# CSCI 3202:  Forward-Backward Algorithm (Filtering and Smoothing)

### The set-up

There is a **hidden Markov model**, whose states $X_t$ cannot be observed directly.  We can, however, make observations of $E_t$, which is a kind of **proxy** for the process of interest $X_t$. We want to use our observations $E_t$ to make inferences regarding the unobservable (hidden!) process $X_t$.

We are given the following:
* Markov model transition probabilities, $P(X_{t+1} \mid X_t)$ (how does the process of interest evolve over time?)
* sensor model probabilities, $P(E_t \mid X_t)$ (how do our measurements depend on the actual process?)
* prior distribution, $P(X_0)$ (how did the process start?)

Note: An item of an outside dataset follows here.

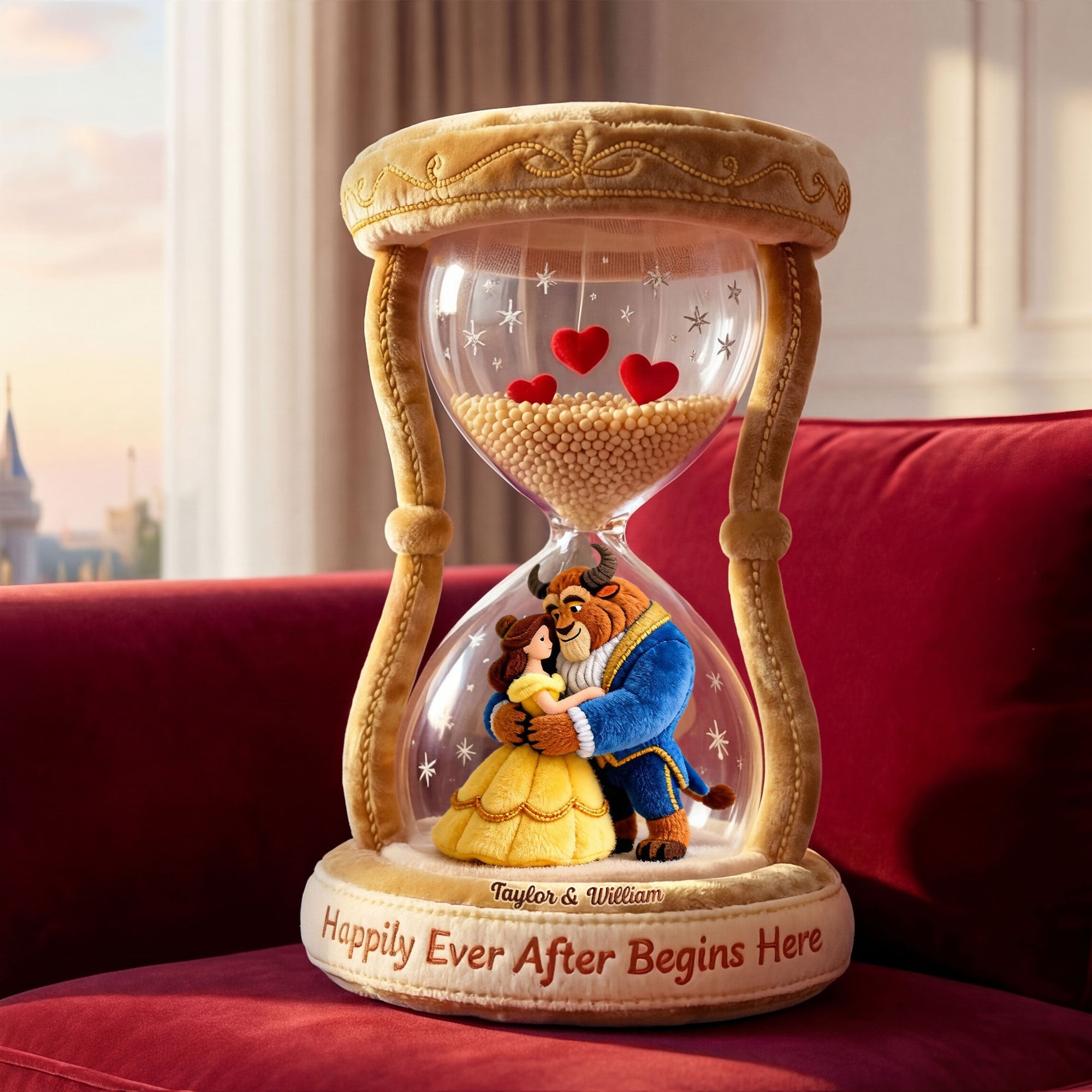 Cherished Moments in Fairy Tales - Personalized Romantic Pillow for Couples Pillow PopCulturePrints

Suppose we have a whole bunch of evidence, from time $k=1$ all the way up through time $k=t$ (consider $t$ to be the "present", or at least the time at which our observing system stops making measurements).

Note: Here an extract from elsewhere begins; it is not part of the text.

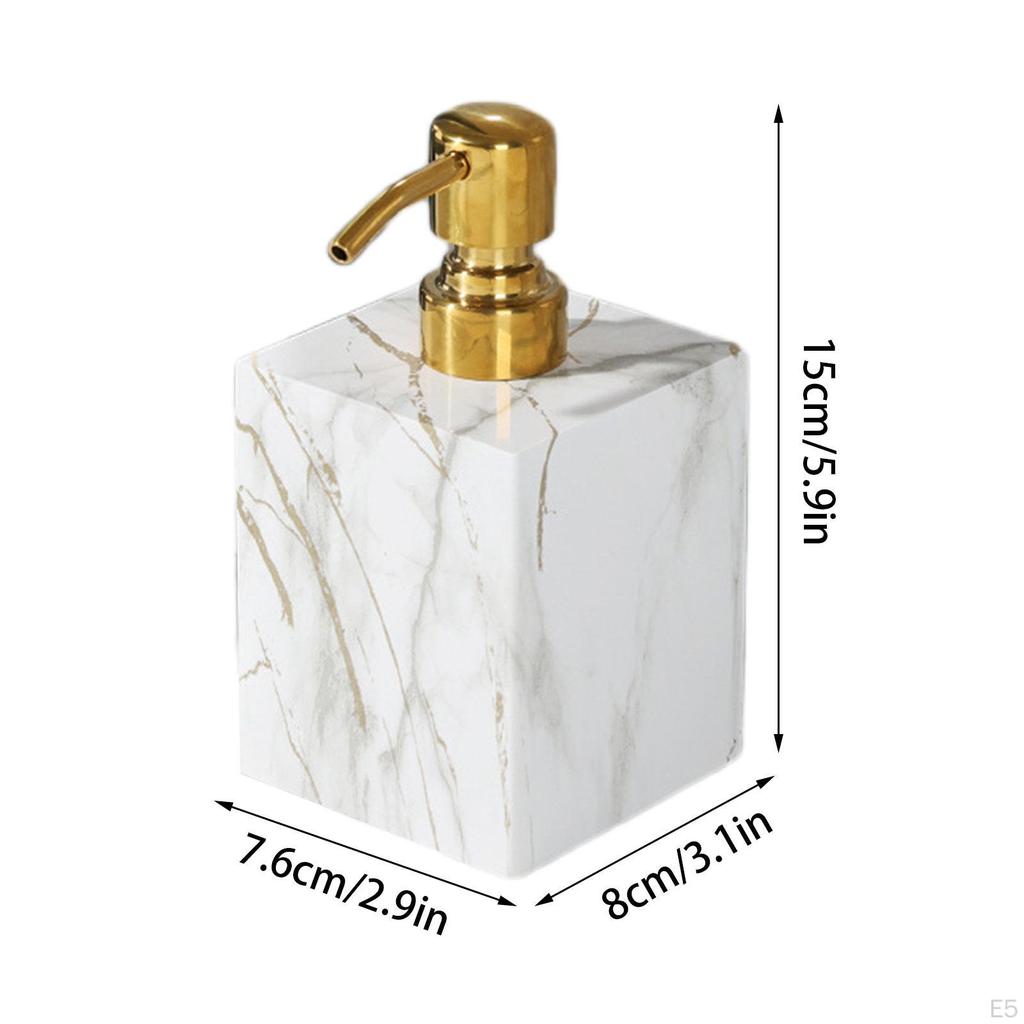 Elegant Marble Soap Dispenser Set for Home And Bathroom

Recall that `Forward` filtering updates our estimate of the probability distribution for $X_t$ in light of *all* of the evidence up to time $t$, $E_{1:t}$, as

$$P(X_t \mid E_{1:t}) = f_{1:t} = \alpha ~ \texttt{forward}(f_{1:t-1}, E_t)$$
 
The `Backward` function is a necessary step to update our estimate of the probability distribution for $X_k$ (some $k$ in $[0,t]$) in light of *all* of the evidence that occurred after $k$, $E_{k+1:t}$, as

$$P(E_{k+1:t} \mid X_k) = b_{k+1:t} = \texttt{backward}(b_{k+2:t}, E_{k+1})$$

where the specific functional forms of these recurrences we will dissect below.

<br>

### Forward algorithm / filtering

This is a **single** iteration of the `forward` algorithm.  We take a new observation $E_{t}$, and the old probability distribution of $X_{t-1}$ given the previous evidence set $E_{1:t-1}$, $P(X_{t-1} \mid E_{1:t-1}$, to update this to the new probability distribution of $X_t$ given all of the evidence $E_{1:t}$, $P(X_t \mid E_{1:t})$.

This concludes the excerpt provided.